▶ **Information shown**

<<<<

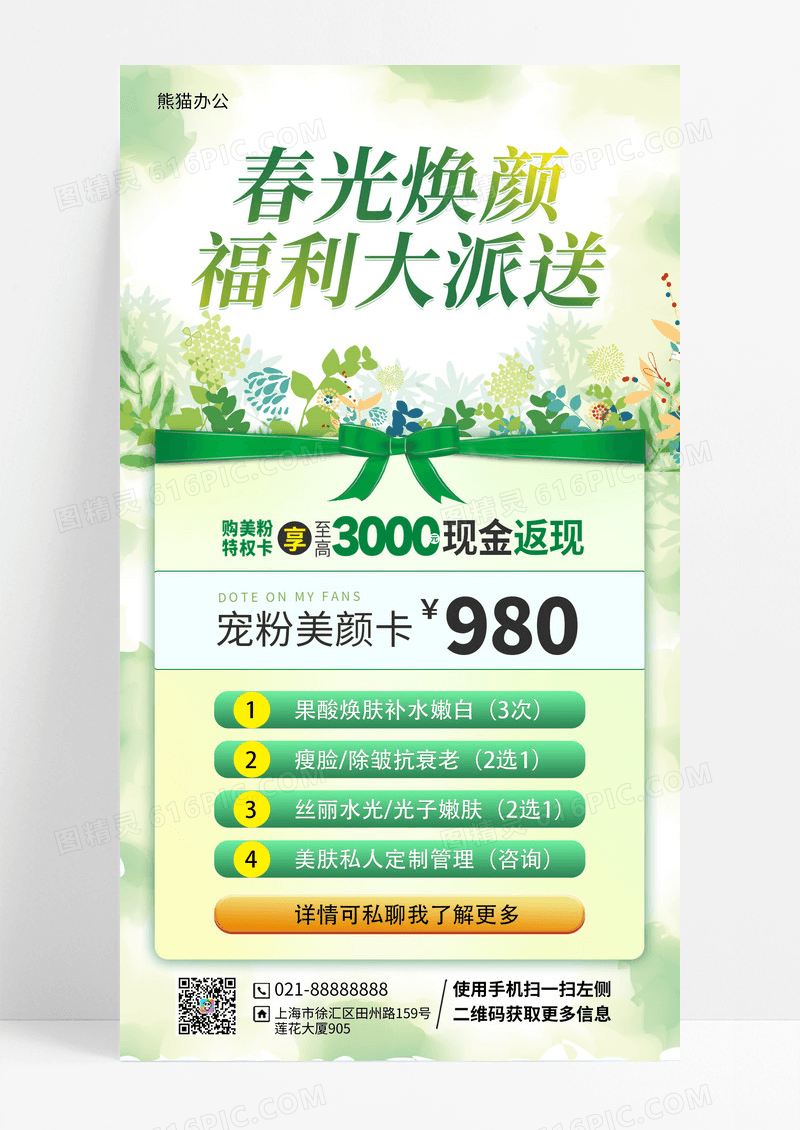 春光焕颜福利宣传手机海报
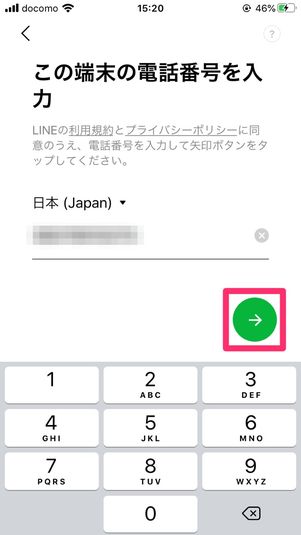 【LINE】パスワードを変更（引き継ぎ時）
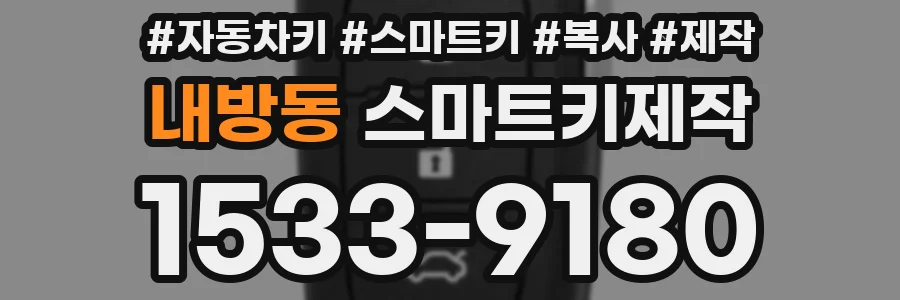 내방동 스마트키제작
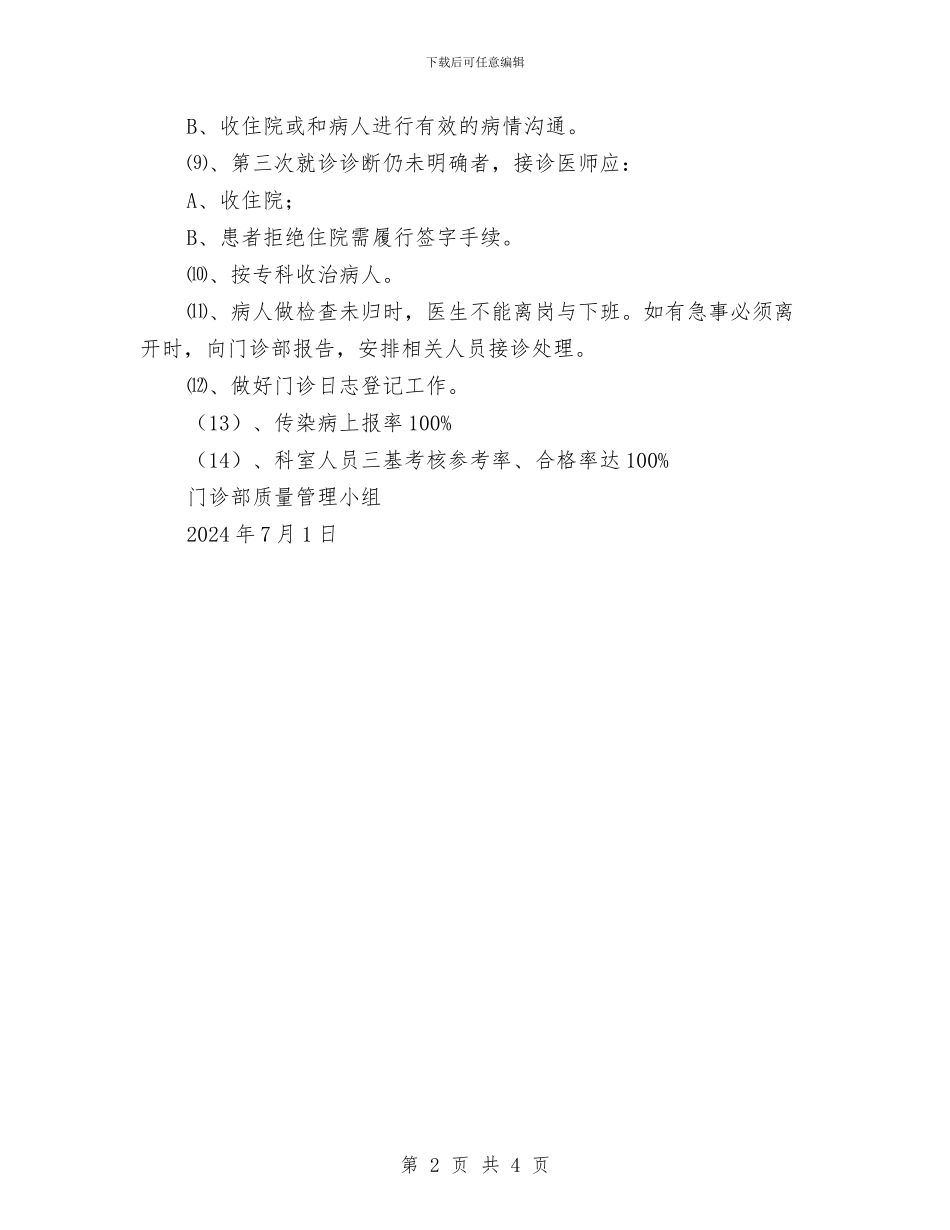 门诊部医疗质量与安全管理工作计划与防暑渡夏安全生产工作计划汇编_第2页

>>>>

▶ **Requirement**
An exact copy of the material above is required, free of any pictures.

▶ **Solution to this exercise**
 春光焕颜福利宣传手机海报
 【LINE】パスワードを変更（引き継ぎ時）
 내방동 스마트키제작
 门诊部医疗质量与安全管理工作计划与防暑渡夏安全生产工作计划汇编_第2页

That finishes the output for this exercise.